Typing that up, it's kind of: small, simple, easy. Made-up problems. The thing is, last year, in the thick of an insane amount of stress, anxiety, and depression, small things like this - smaller than this - threw me off a cliff and I had no sense of how to climb back up it. Faced with the knowledge of how tenuous my financial situation was, how precarious my academic progress felt, eventually how precarious my marriage felt, these little failures or missteps felt debilitating, an in-the-moment confirmation that Things Really Are Spiraling Out Of Control. I have a sense memory of how helpless and frustrating that felt. 

But you know – today, this was all fine. Being in the world was enough – every dopey setback and pointless 30 minute side trek was just A Thing That Happened. I didn't need to be in control of anything; failures were funny little detours. And somehow, even amidst all the misfires I never lost the sense of Glasgow being a special place, someplace that instinctively seems right to me. It was now – though it has not always been – easy to see the day through the prism of all the moments of joy and discovery and fun rather than the bits that didn’t go off just as I thought they would. That feels like a core part of myself that I’m getting back, and it’s great to find it there again.

And the day ended beautifully: sampling Scotch whisky with two fantastically lovely Canadians (Francis and Amanda) who asked to share my table at the crowded, totally superb Pot Still. They turned out to be generous, thoughtful conversational partners. They’re just a couple of days into their own travels, touring a ton of distilleries in Scotland before hopping over to the continent for a bit more travel, and had much to say not just on whisky but on travel, on Trump and American politics as viewed from Up North, on how we organize our lives, and much more. They were superb, and the decision to have one more dram with them was well worth my inadvertently missing the last train home.

And that’s the thing: I missed the train, but it meant I had a beautiful walk home with barely a car on the road.

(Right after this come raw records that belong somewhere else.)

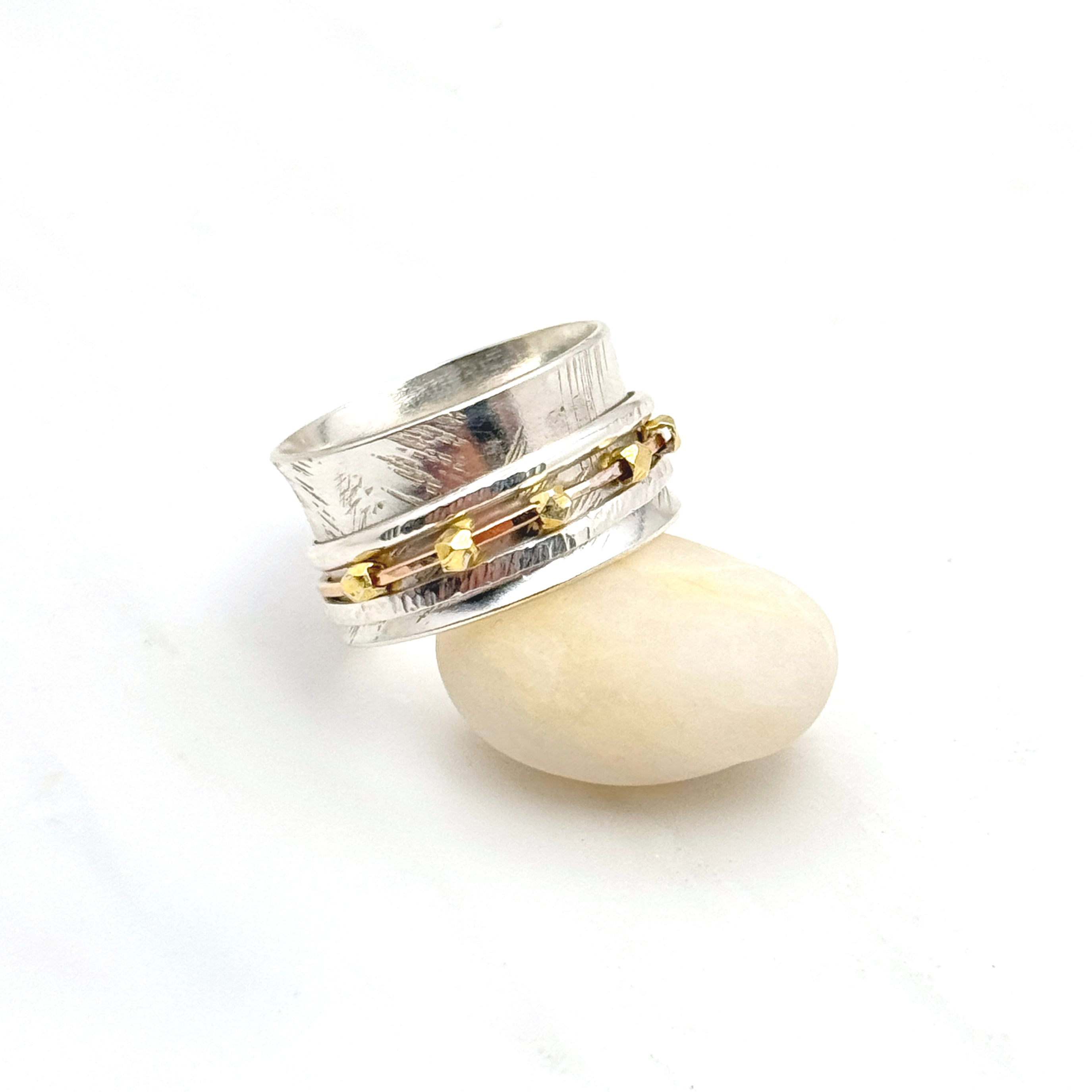 Sterling Silver Spinner Ring With Moving Beads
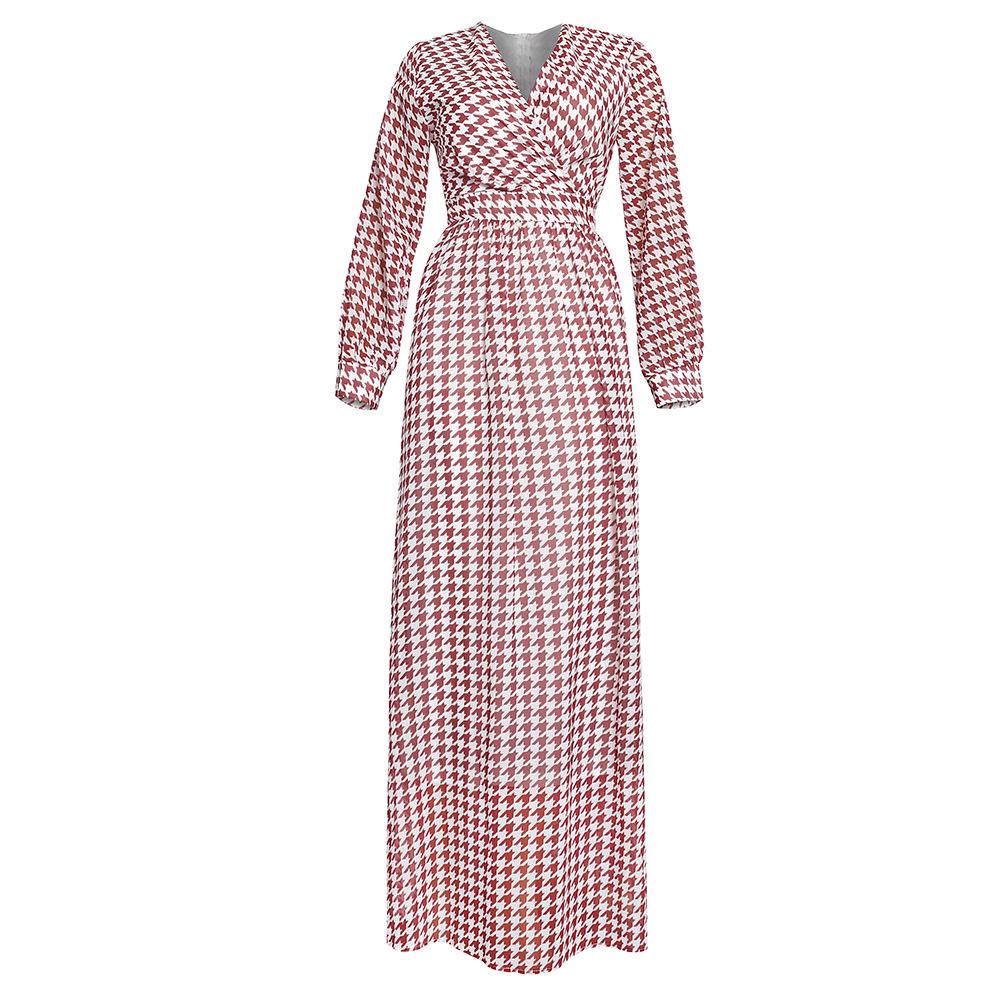 

2022 Европейское и американское шифоновое длинное платье - Африканский стиль феи для светской львицы большого размера Large красный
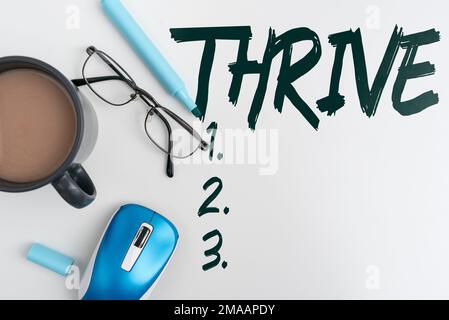 La scrittura che mostra il testo prospera. Concetto di Internet pensare positivamente continuare a prosperare e fiorire il tempo di fiorire Foto Stock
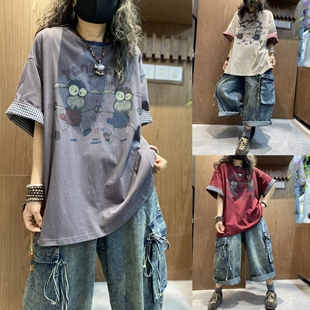 卡通印花短袖T恤女士宽松版型格子拼接百搭款上衣春夏纯棉体恤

My lunch plans fell through (twice!) but that meant I got to see an adorably polite French Kristen Bell trying to negotiate for Indian food with no spices while a horrified British woman two tables over tried to lecture her – entirely out of concern – on what you must expect with Indian food. My museum was closed, but that meant I got to inadvertently see a horde of Glasgow Uni students rushing nervously to final exams in their Harry Potter-esque classrooms. My distillery tour was delayed and a bit more pricey, but it meant that I got to know my guide and chat about how he and I came to where we are now. (It also led to a few extra tastes, and the Pot Still recommendation that led me to my evening with Francis and Amanda.)

And somehow, with patience, the love and support of friends, and the world-expanding work of this trip, I am finding my way back to who I like to be. And to a mode of experiencing the world that insists on joy and possibility. It feels good. I’m excited to keep building that muscle as I tumble and flail through these coming final weeks of the trip. Wah, but also hoo, y’know what I mean?